Since the 1990s, the number of aircraft accidents has fallen in Alaska, but within the past 10 years, that trend has leveled off and may have reversed itself. The number of accidents has risen each of the past three years.

“It’s more likely that FY15 was a very low year,” George said by phone from Fairbanks. “The trend is still generally a downward trend.”

He also cautioned that without knowing how many aircraft were flying (and for how long), there’s no way to tell if the increase is because there are more flights or because the existing flights are becoming less safe.

Ian Gregor, a spokesperson for the FAA’s Pacific Division said by email that “accident numbers are always fluid, and for many different reasons. We don’t have an answer as to why FY18 accidents were higher than the previous year, but it is not an abnormally large increase.”

Historically, most Alaska aviation accidents occur in the fall, when moose and deer hunters travel to remote locations amid worsening weather conditions. September is the most accident-prone month, according to recent averages.

That wasn’t the case this past year. In June 2018, 23 accidents were reported to the FAA, nearly three times the average.

“As far as accidents in June, the NTSB hasn’t yet released the probable cause for them so it’s not really possible to address the issue of why there was a surge that month. Again, accident numbers are fluid,” Gregor wrote.

The Empire examined available accident investigation information from the National Transportation Safety Board and found that the June incidents mostly consisted of private aircraft encountering problems in remote locations. Notably, an aircraft crashed in Sitka’s Katlian River, killing two people, and two aircraft collided with each other north of Anchorage, killing one. A flightseeing floatplane suffered an accident while landing in Sitka, and more than a dozen other aircraft suffered the aviation equivalent of fender-benders.

According to FAA data, 50 of the 95 accidents during the last fiscal year happened during landing, and half of those took place away from airports.
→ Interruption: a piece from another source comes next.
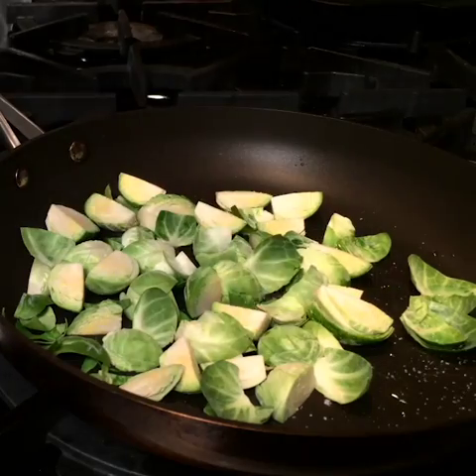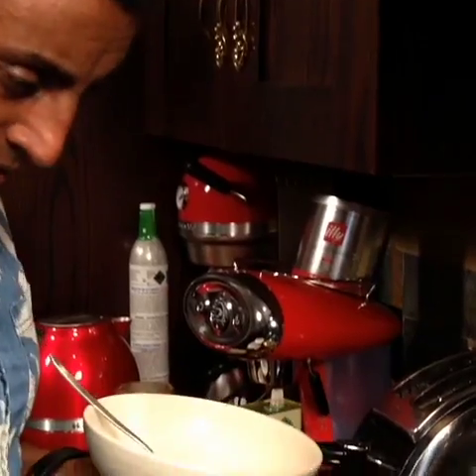I'm going to season them pretty hard with salt, then pour them back. I'm going to add in some shallots.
“You’re probably never going to get to zero accidents,” George said, but improved training and practice do help pilots prevent them.

George’s organization has also lobbied the federal government and state to improve Alaska’s aviation infrastructure, particularly with regard to weather forecasting.

Without proper observing equipment, he said, pilots don’t have good information and forecasters can’t tell them what to expect.

“If you do have bad weather, it’s not like you can turn around and land at an airport 20 miles away,” he said.

The recent FAA funding bill passed by Congress includes money for additional weather stations, and George expects that will help.

“There are some things on the horizon that could make this situation better than it is today,” he said.